The program does more than just throw money at kids to do menial labor. Thompson and HMUN have weaved more than picking up trash and refuse into these cleanup excursions.

By bringing together a wide variety of kids, from an even more varied array of backgrounds, Thompson and HMUN are trying to build better, more accepting, open-minded individuals.

“Everyone isn’t a classmate,” Thompson said. “Some people are in private schools; some people are in public schools. They’re all giving each other advice, talking to each other and communicating with each other and sharing their life experiences.”

HMUN cleanup team members help clean a roadside

Thompson added that one of the goals of the program is the socialization experience of being surrounded by people from all walks of life, noting that the ever-present specter of Social Media – and its effects on social skill development – are both noted and challenging.

“Technology is a blessing and a curse,” Thompson said. “It’s about showing them that what you say can offend someone. Or, what you say, can uplift someone’s day for the rest of the day.

“I tell them ‘Say hello, good morning, and ask someone how they’re doing,’ every day because sometimes nobody has ever asked them ‘How are you?’”

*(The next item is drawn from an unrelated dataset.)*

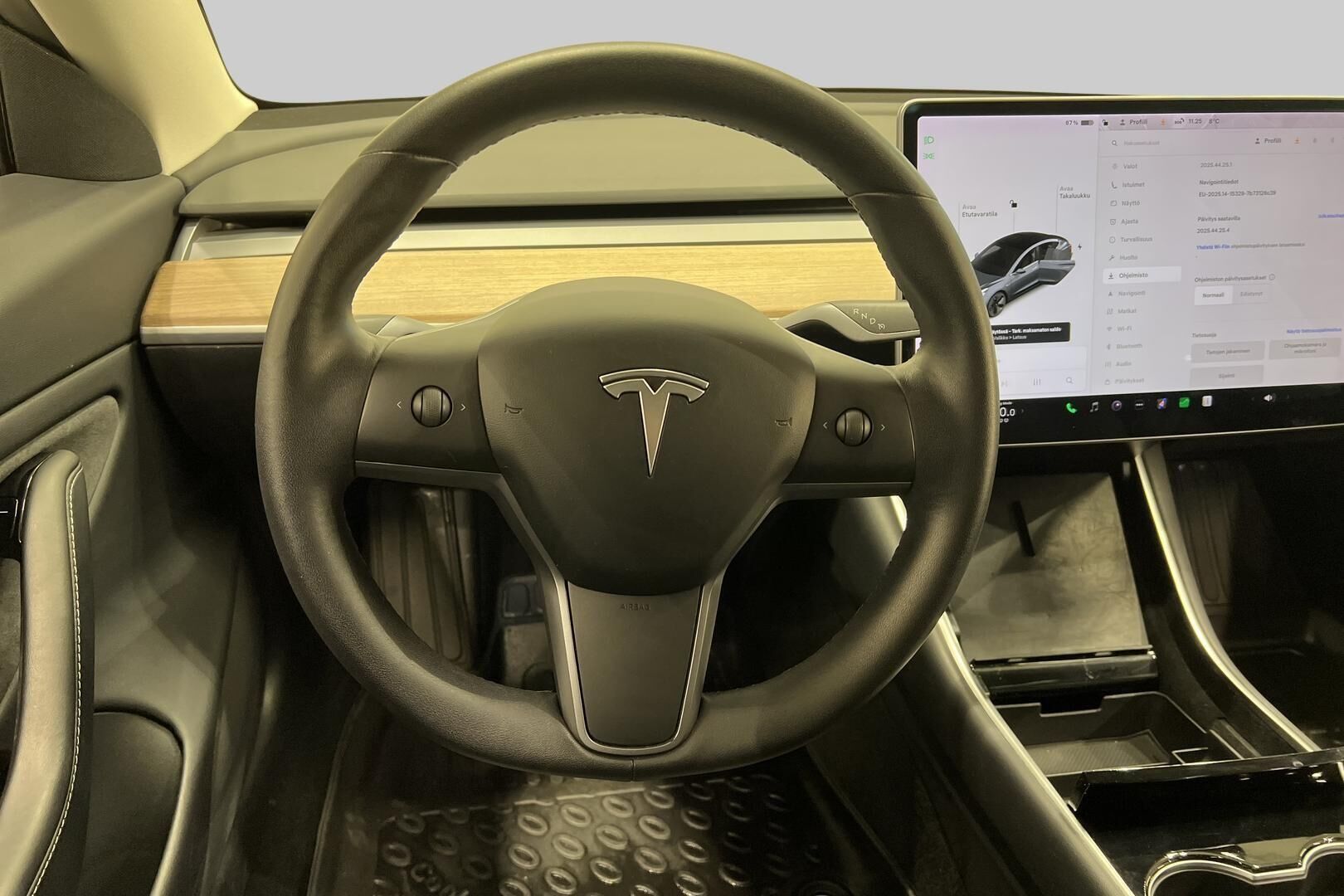 Tesla Model 3 iso kuva 23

These soft skills, ones that are becoming both necessary and increasingly attractive to employers, is part of the bigger picture for HMUN. For kids old enough to start looking for their first job, Thompson aids those students with helping them get that first job and opening the first of many doors that occupy the pathway to professional stability.

Now with additional funding keeping the program going, the one thing HMUN will also continue to need is places to clean up.

Thompson said the majority of recommendations so far have come from the monthly meetings at the Mid-Continent Public Library—Blue Ridge Branch on the last Monday of each month. However, those with recommendations can reach out via Facebook or through hmunited.org.

Treasure can be found among trash in more ways than just one. It may not be a diamond ring one of the kids picks up, but instead, a lesson that may be altogether more valuable:

Give back to your community, it will give back to you.

“They can help improve our neighborhood or be a part of the neighborhood and feel like ‘This is my home so let me take pride in what I do have,” Thompson said. “It’s teaching them about jobs, and school and the neighborhood…and what they can achieve.”